An internal investigation by the Massachusetts Institute of Technology is billed by the school as evidence the school acted appropriately in the case of Aaron Swartz, but supporters of the late freedom-of-information advocate are calling it a “whitewash.”
Swartz, 26, committed suicide after federal prosecutors targeted him for downloading academic journals and articles from a subscription database, JSTOR, and publishing them online for free.
The 182-page report, which was released to the public on Tuesday, concluded that MIT officials did not know prior to Swartz’s arrest that he was the one downloading journal articles from the school’s network, and that school officials did not “call in the feds” to pursue charges against him.
Instead, the university insists its first concern was “to stop the use of its network, by an unknown person, to download massive numbers of articles from the JSTOR database.”
“There were too many choices, too many might-have-beens, too great an emotional shock, and a public response that has been supercharged by the power of the Internet, the same power that Aaron Swartz epitomized and that he helped to create,” the report concluded. “Even today, with the benefit of hindsight, we have not found a silver bullet with which MIT could have simply prevented the tragedy.”
The MIT report followed a six-month investigation led by Harold Abelson, an MIT professor of electrical engineering and computer science. As part of the investigation, the report’s authors interviewed dozens of MIT employees and law enforcement officials and reviewed university emails and records from the U.S. attorney’s office in Boston.
MIT President Rafael Reif said in a statement that the findings dispel “widely circulated myths” about the university’s involvement in the case.
“I am confident that MIT’s decisions were reasonable, appropriate and made in good faith,” he said.
Reif said he has also asked university officials to review MIT’s policies “on the collection, provision and retention of electronic records” and has asked students, alumni, faculty and staff to have a discussion about the case’s broader questions of “open access, intellectual property, responsibility and ethics in the digital domain.”
Frustrated by the high cost of scholarly journals, Swartz decided published the JSTOR articles online because he believed the information should be available to everyone free of charge. But the U.S. Justice Department charged him with trespassing and user policy violations under the Computer Fraud and Abuse Act.

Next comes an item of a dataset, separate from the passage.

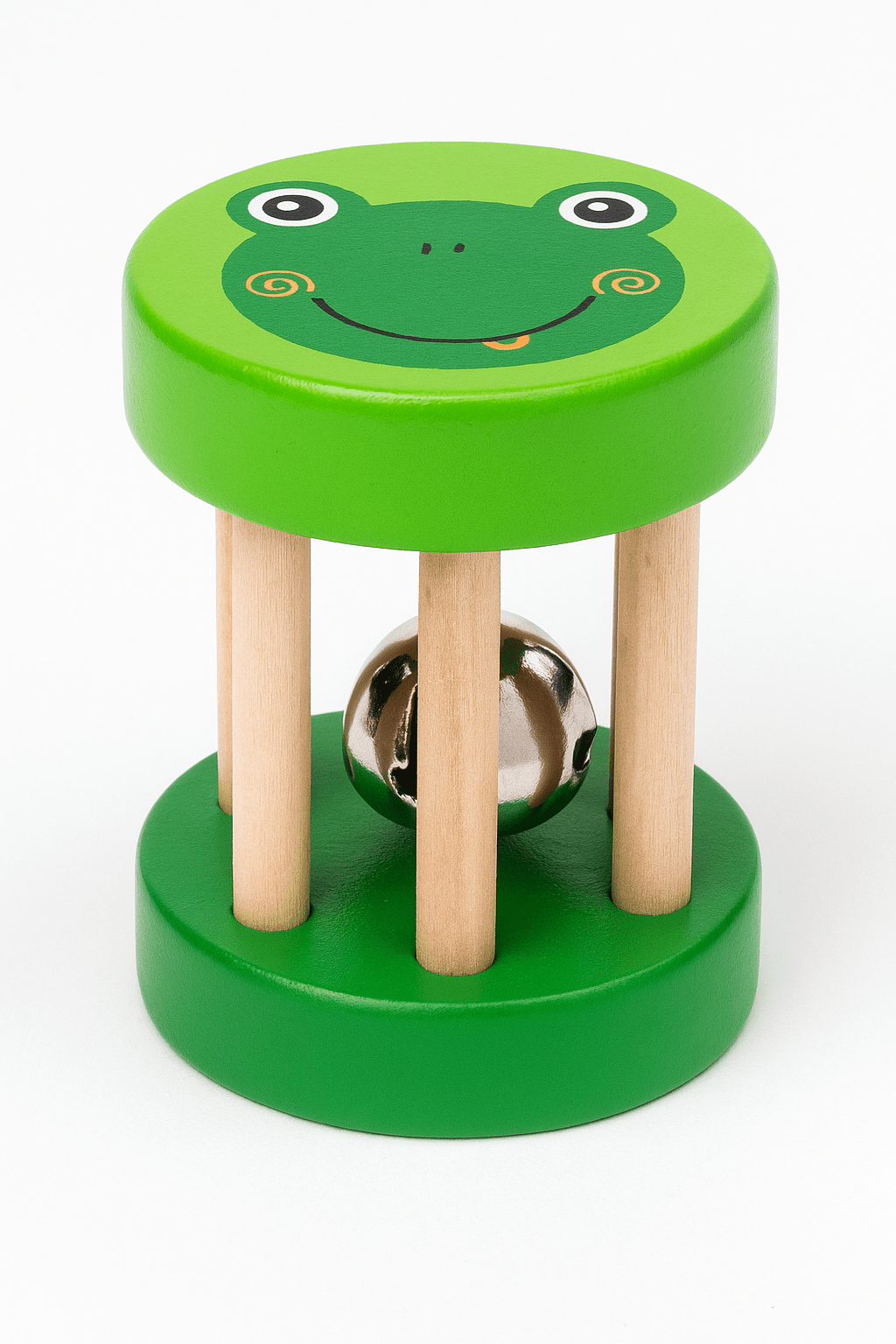 Farbige Montessori Kinder Holzrassel - Handglocke mit Kugel – Musikinstrument & Lernspielzeug ab 2 Jahre - BesonderesHoch2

Swartz faced the chance of spending more than 30 years in prison for his alleged crimes. JSTOR never pressed charges against him.
Swartz was supposed to go to trial in April, but in January he committed suicide. Many of his supporters have blamed his premature death on the impending federal trial and blame prosecutors and MIT for pursuing the case.
While the internal report found that school officials did not actively advocate for federal prosecutors to prosecute and charge Swartz, the panel still criticized MIT for its “hands-off” attitude.
“If the Review Panel is forced to highlight just one issue for reflection, we would choose to look to the MIT administration’s maintenance of a ‘neutral’ hands-off attitude that regarded the prosecution as a legal dispute to which it was not a party,” the report said. “This attitude was complemented by the MIT community’s apparent lack of attention to the ruinous collision of hacker ethics, open-source ideals, questionable laws, and aggressive prosecutions that was playing out in its midst.”
“By responding as we did, MIT missed an opportunity to demonstrate the leadership that we pride ourselves on,” the authors concluded.
In response to the report, Swartz’s partner, Taren Stinebrickner-Kauffman, released a statement saying, “MIT’s behavior throughout the case was reprehensible, and this report is quite frankly a whitewash.”
“Aaron would be alive today if MIT had acted as JSTOR did,” he said. “MIT had a moral imperative to do so.”
According to The Huffington Post, Swartz’s father, Robert, said he had not yet seen the university’s report but hoped the university realized it “made significant mistakes in how it handled Aaron’s situation and that the university will commit to making substantive changes to prevent these kinds of tragedies in the future.”
Robert Swartz, a former intellectual property consultant for MIT, said the university should also provide financial and administrative support to make academic research journals accessible to the public. He said the university should mandate internal reviews for computer hacking allegations before a case is referred to outside law enforcement agencies.
Many Swartz supporters are still upset that, according to the report, MIT indicated to law enforcement that Swartz had “unauthorized” access to the network. Lawrence Lessig, a Harvard Law professor and friend of Swartz, said that since there is no law against “abusing an ethernet jack,” this detail changes the case against Swartz completely.
“The whole predicate to the government’s case was that Aaron’s access to the network was ‘unauthorized,’ yet apparently in the many many months during which the government was prosecuting, they were too busy to determine whether indeed, access to the network was ‘authorized,’” he said.